French rock is a form of rock music produced in France, primarily with lyrics in the French language.

French rock was born as early as mid-1950s, when writer, songwriter and jazz player Boris Vian wrote parody rock songs for Magali Noël or Henri Salvador. Although Vian despised rock and wrote these songs as attacks, they are highly acclaimed by French critics today and considered precursors.

The first real French rock acts emerged at the end of the decade and in the beginning of the 1960s, with Johnny Hallyday achieving the most long-lasting success, while other acts like Les Chaussettes noires, led by other French rock star Eddy Mitchell, and Les Chats sauvages (led by Dick Rivers) contributed to the emergence of the genre, the last band writing the first real classic French rock song, Twist à Saint-Tropez. The emergence of the yé-yé movement slowed the commercial success of French rock, although some names like Antoine, Jacques Dutronc, Nino Ferrer and Michel Polnareff emerged in the middle of the 1960s and did have success, while others like Ronnie Bird or Les Variations (who are commonly considered forerunners of French hard rock) achieved cult status.

In the 1970s, France saw the arrival of Alan Stivell's Breton folk-rock as well as a wave of progressive rock bands like Ange, Magma, Gong (whether they are actually a French band is debatable), Triangle, Dynastie Crisis, Shylock, Eskaton, Atoll and Pulsar. There was also some glam rock acts, like The Frenchies or the controversial and cult artist Alain Kan. Jacques Higelin's album BBH 75, which doesn't fit in these categories and is more of a transitional album between the classic era rock sound (à la Rolling Stones) and punk rock, is considered a seminal milestone by French critics, while ex-yé-yé star Christophe became a successful pop-rock artist, especially with his seminal albums Les Paradis perdus and Les Mots bleus (which title song is considered a major classic). French punk rock also appeared, including bands like Starshooter, Stinky Toys,* Electric Callas, Oberkampf and Métal Urbain. It was during this period that a few other variety music artists - Catherine Ribeiro, Bernard Lavilliers and others -  flirted with rock, but without completely changing over. However, French singer Serge Gainsbourg's 70s output, which included the classic Histoire de Melody Nelson, the less accessible L'Homme à tête de chou and the reggae Aux armes et cætera, transitioned completely from chanson to rock (a move he started earlier in the 1960s) and offered French-language rock new classics. Another name to know is that of Gérard Manset, a cult artist who deliberately live in maintained obscurity, but whose ballad Il voyage en solitaire is a major song and progressive album La Mort d'Orion is a reference, and who has continued to collaborate with high-profile artists up to this day. French hard rock and heavy metal took off by the end of the decade, spearheaded by Trust.

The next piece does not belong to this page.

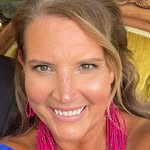 Julie Kale - @julie_kale_travelmation_vacay - Instagram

Things changed course in the 1980s. The changing of the political culture was accompanied by an explosion in youth culture. This helped the emergence of a distinct French rock that could match the lucrativeness of American and British rock music. French progressive rock continued in the 1980s in relative obscurity, with the bands Dün, Terpandre and Emeraude achieving some underground success (but were met with critical indifference). The success of Téléphone (pub rock), which started in the 1970s but peaked in the 1980s, also took French rock to new levels. The new wave was dominated by Indochine, who sold enormously, as well as Alain Chamfort, overshadowing the works of critical darlings Taxi Girl or Jacno, but the genre also later saw the emergence of Étienne Daho, who would remain a major figure in French music up to this day. Another notable artist from the early 1980s is Axel Bauer, who scored a massive hit with the song Cargo. Charlélie Couture also marked its time with Comme un avion sans aile. The post-punk scene, although commercially unsuccessful, also featured critically acclaimed acts, such as Marquis de Sade, Hubert-Félix Thiéfaine, Orchestre rouge or Kas Product. The art rock band Les Rita Mitsouko enjoyed international success, while the decade also saw the emergence of Alain Bashung, who had been around since the 1960s but only started to have his first hits in the new wave era. Bashung would become the most critically acclaimed French rock singer in his home country, with several of his albums being now hailed as classics. There was also a second wave of French punk rock which included such acts as Bérurier Noir, Les Négresses Vertes, Les Garçons Bouchers, Les Wampas, Les Satellites or the seminal Mano Negra, which would make the genre evolve towards worldbeat (and whose leader Manu Chao would later have a worldwide successful solo career). The first major French indie rock act appeared: Les Thugs, who are considered a major reference of the scene up to this day. Finally, French hard rock and heavy metal really took shape in this decade, with the continuing success of Trust or that of other bands like ADX, Warning, Shakin' Street, Sortilège or Vulcain, and some early thrash-death metal acts like Agressor, Loudblast or Morsüre.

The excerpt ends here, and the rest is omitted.